Frustratingly, a horror-themed Macbeth with a female lead had a lot of potential to shine a light on horror cinema archetypes, but it’s difficult to do that without a woman’s perspective on the direction. In interviews, it’s revealed RBL’s Macbeth’s rampage is a trauma response to a miscarriage, and the Witches are combined as a singular Nurse Ratchet-esque midwife. While I’m sure Director, Hal Chambers had good intentions, the childless woman becoming a killer is already an overplayed trope, with ‘powerful women’ gratuitously murdering each other not feeling like a feminist statement when the implication is that Macbeth becomes this hysterical killer because she cannot be a mother. Furthermore, the production also chose to have a pregnant Macduff kill Macbeth, inadvertently suggesting the idea that women’s sanity and righteousness is intrinsically linked to their capacity for motherhood. That’s not ‘radical’, that’s been the status quo for centuries.

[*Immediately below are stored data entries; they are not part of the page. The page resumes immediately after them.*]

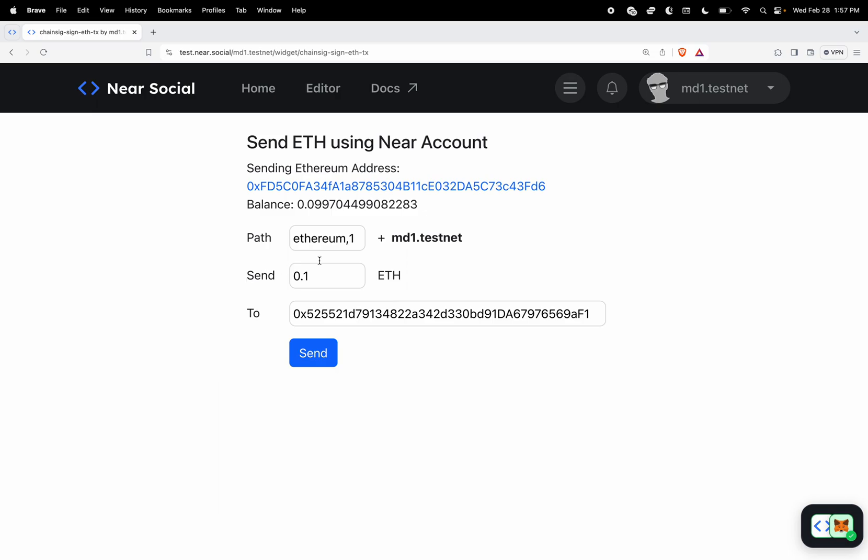What this is going to do is send ethereum by making only one transaction on the near testnet to an ethereum address on the sapolia testnet.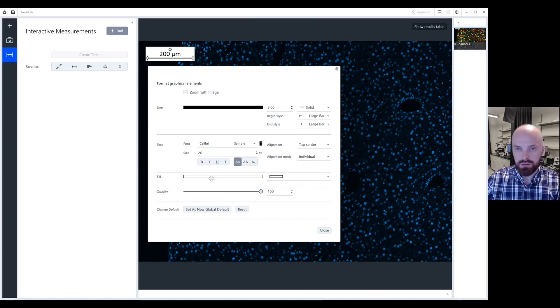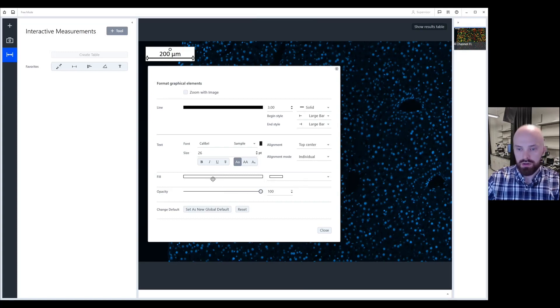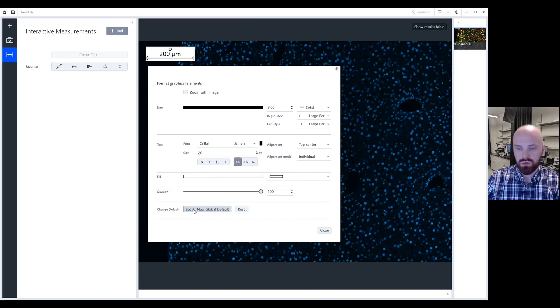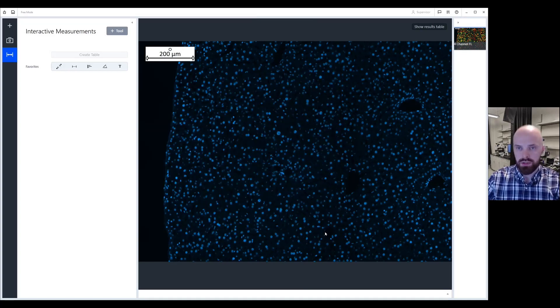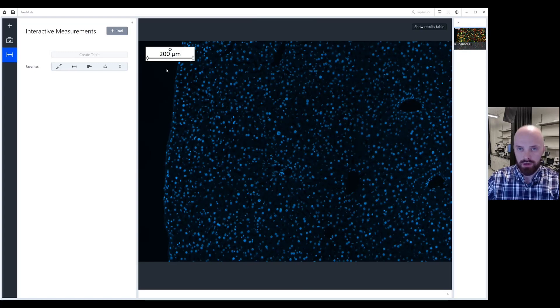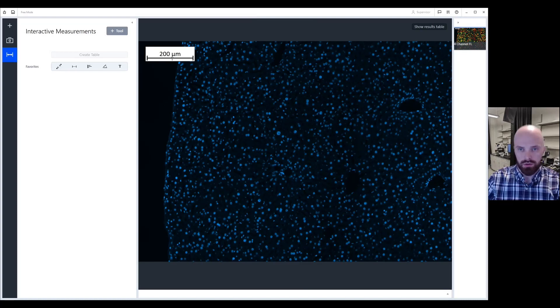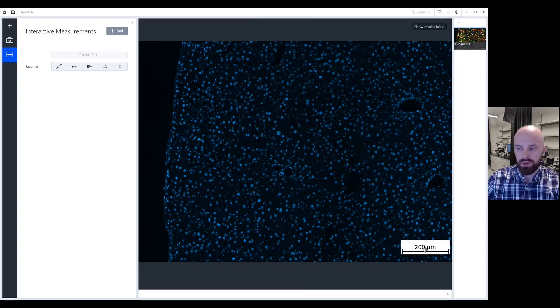If you would like this to be the default setting for each scale bar, simply click set as new global default. After you close this window, every image will then have the default scale bar with the settings that you chose today. Please note the location of the scale bar will always appear at the bottom right hand corner of your image.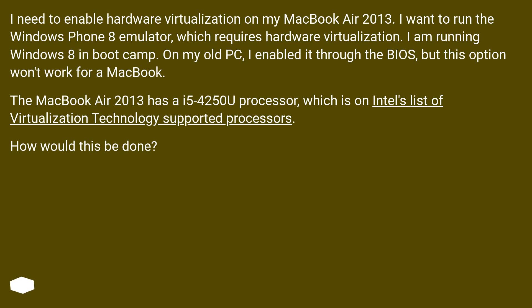I am running Windows 8 in Bootcamp. On my old PC, I enabled it through the BIOS, but this option won't work for a MacBook.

Staging horror featuring women with a male director, acts out a dynamic where a man is reenacting violence against women for an audience. There’s a risk of it becoming voyeurism in the guise of feminism. It makes you wonder who this production is for? If it’s really about putting women at the forefront, then was it really so hard to find a woman director? There is something viscerally uncomfortable about a man directing women to brutally murder each other Giallo-style in front of an audience, then marketing it as feminism. In interviews, Chambers talks a lot about showing Macbeth as a ‘powerful woman’, but showing women being capable of murder isn’t empowering just because it’s a woman doing the killing.
Am I accusing all male directors who try to make feminist work of being raging misogynists? Absolutely not! There are often good intentions behind such productions, but for work to be truly female-led, you need to have women leading it. We don’t need a #ThisGirlCan campaign for murder, we’d just like to tell our own stories, thanks.
The fact of the matter is, too many companies get away with it and it’s a real problem. But why is it so common? One very cynical explanation is that it’s a marketing strategy. Feminism is in right now and it’s an easy way to make your work look more progressive on funding applications and cash in on the feminist audience. It’s also a way for male directors to feel like they’re making a difference to the gender gap in the arts, without actually creating space for women directors in the first place. A more optimistic take is that maybe it’s just a lot of well-intentioned, naive male allies wanting to make a difference, and just going about it the wrong way. For the sake of women of the arts though, I hope that it’s the latter.